Sasha gave a growl at his side. Someone knelt before the entrance to the chancel straight in front of them.
‘Sabrina? Is that you? It’s me, Reverend Luke Lyons.’
‘Leave me alone.’
‘Can I help you?’
Shrouded in gloom, she continued to stare at something very high up on the wall. It was not toads.
He went closer and placed a hand impertinently upon the kneeler’s right shoulder.
Angrily, her silvery sea-green eyes swirled in the yellow glow from the lamps – all manner of storms, whirlpools and vortexes surged tempestuously across her glistening pupils when she looked up at him.
Their violent nature appeared quite at one with the fretful figure he had glimpsed on the battlements fifteen minutes ago. Her voluminous red hair flowed freely down her back and over her shoulders.
He fancied he saw in her eyes dead sailors, fishermen, river and canal pilots, bridge builders, dock workers and suicides – all those who had ever come to grief in the River Severn.
Close by, her black dogs Varg and Freya
waited impatiently for her command.
‘Has something happened? Shall we pray together?’
‘Do you think that this is what this is all about, reverend?’
By ‘this’ he was secretly intrigued but suspicious.
‘What I mean to say is that everyone is welcome in St. Mary’s. It even ministers to the prison at which I am chaplain.’
Sabrina rose to her feet and simultaneously stroked the silk brocade of her cotehardie dress encrusted with jewels. She swirled its voluminous train round her red velvet shoes while, with a hiss, she ordered both Elkhounds to stay still.

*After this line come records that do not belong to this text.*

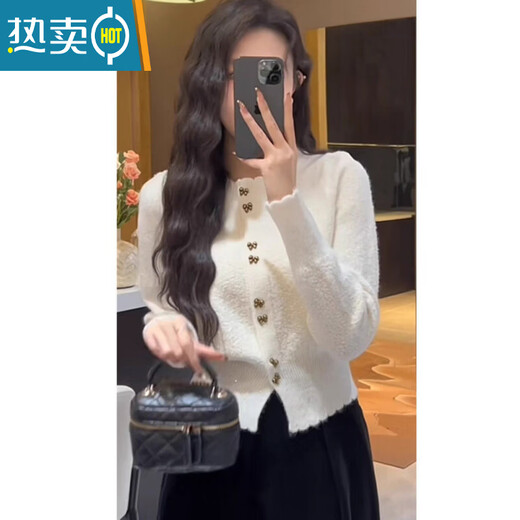 Xia Dian Suding Queen (SE.PSTP) Early Spring Autumn and Winter Small Fragrance Style Sweater Cardigan Butterfly Gold Button New Year Red Inner and Outer Wear Lace Jacket Sweater Women Black S Recommended 80-95Jin Jin is equal to 0.5 kg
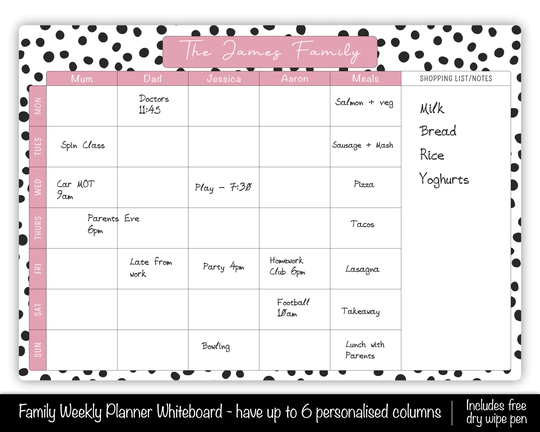 A3 Wall Planner Whiteboard, Personalised Large Family Organiser, Meal Planner, Aluminium Dry Erase White Board Command Centre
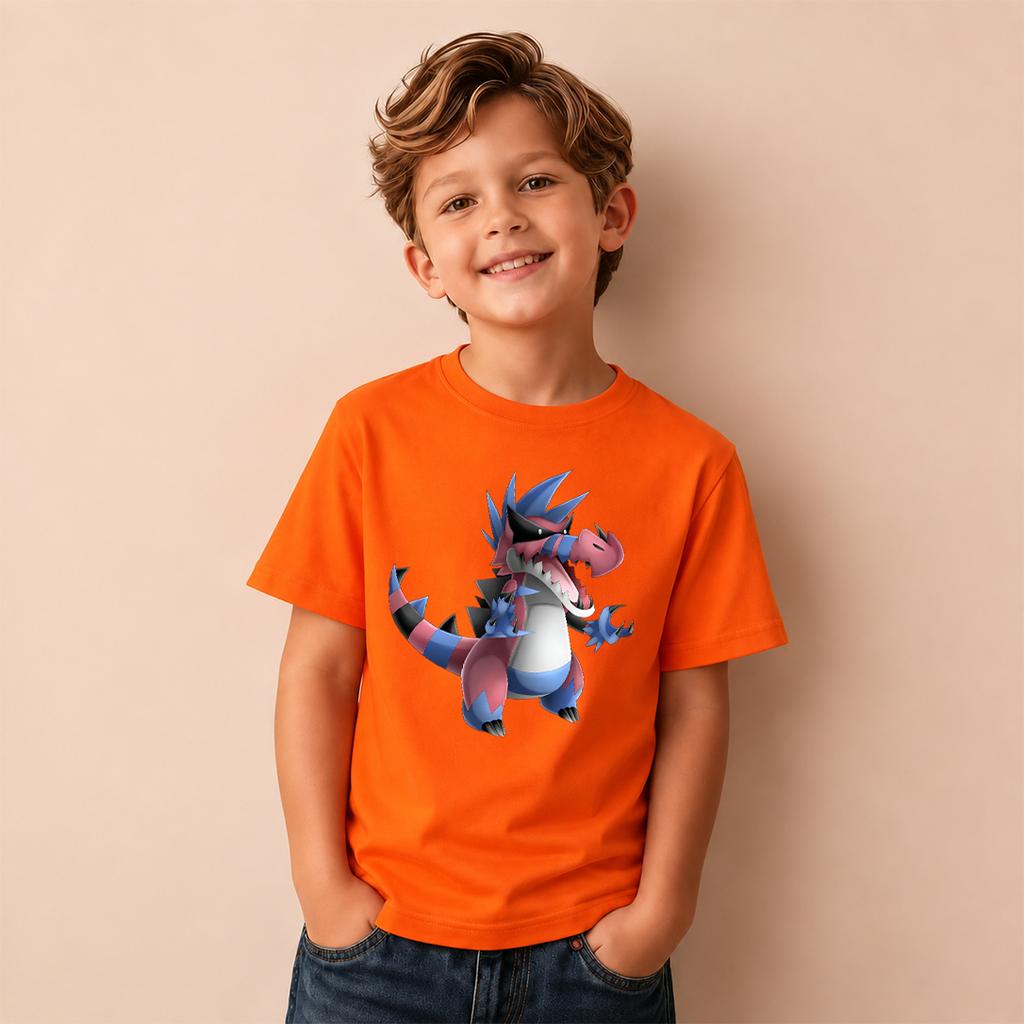 Kids Pokemon Krookodile Print Short Sleeve T-Shirt Boys Cartoon Graphic Casual Tee Children Birthday Gift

‘Been in the wars, have we, reverend?’
He fingered the recently healed cuts on his face and smiled.
‘Call it a bit of a misunderstanding. But you’d know all about that, wouldn’t you?’
‘Can’t answer that.’
‘But you were there in Gloucester Docks when it happened.’
‘Believe me, I arrived in the nick of time to visit my ship.’

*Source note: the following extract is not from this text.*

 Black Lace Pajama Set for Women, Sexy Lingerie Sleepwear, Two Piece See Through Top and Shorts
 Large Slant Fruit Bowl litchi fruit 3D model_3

‘If it hadn’t been for you I would have come off even worse.’
But she wasn’t listening.
‘You believe in hell, reverend?’
It took him a while to see what exactly was still the object of her rapt attention. Slowly some indistinct shapes and colours emerged on the stonework high above the chancel arch until he saw Christ seated in Judgement. So worn away was the stone in places that wall and image flowed into each other like water.

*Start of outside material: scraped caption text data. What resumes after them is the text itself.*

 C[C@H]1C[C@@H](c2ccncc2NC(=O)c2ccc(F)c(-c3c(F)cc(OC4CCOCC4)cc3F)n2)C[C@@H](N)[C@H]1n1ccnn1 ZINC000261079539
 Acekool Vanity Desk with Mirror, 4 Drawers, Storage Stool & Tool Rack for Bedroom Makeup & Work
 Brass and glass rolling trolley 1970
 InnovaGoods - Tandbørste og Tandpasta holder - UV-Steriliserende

He could quite see that nowadays most people, himself included, would forget all about its very existence if they never thought to look up. It was a mediaeval painting called a Doom.
‘Hell is what we don’t do for other people,’ said Luke, somewhat coldly and watched the black hounds slaver.
‘Sometimes I think hell would be a blessing,’ said Sabrina. ‘I don’t know why I expected to find peace of mind in such a place as this anyway.’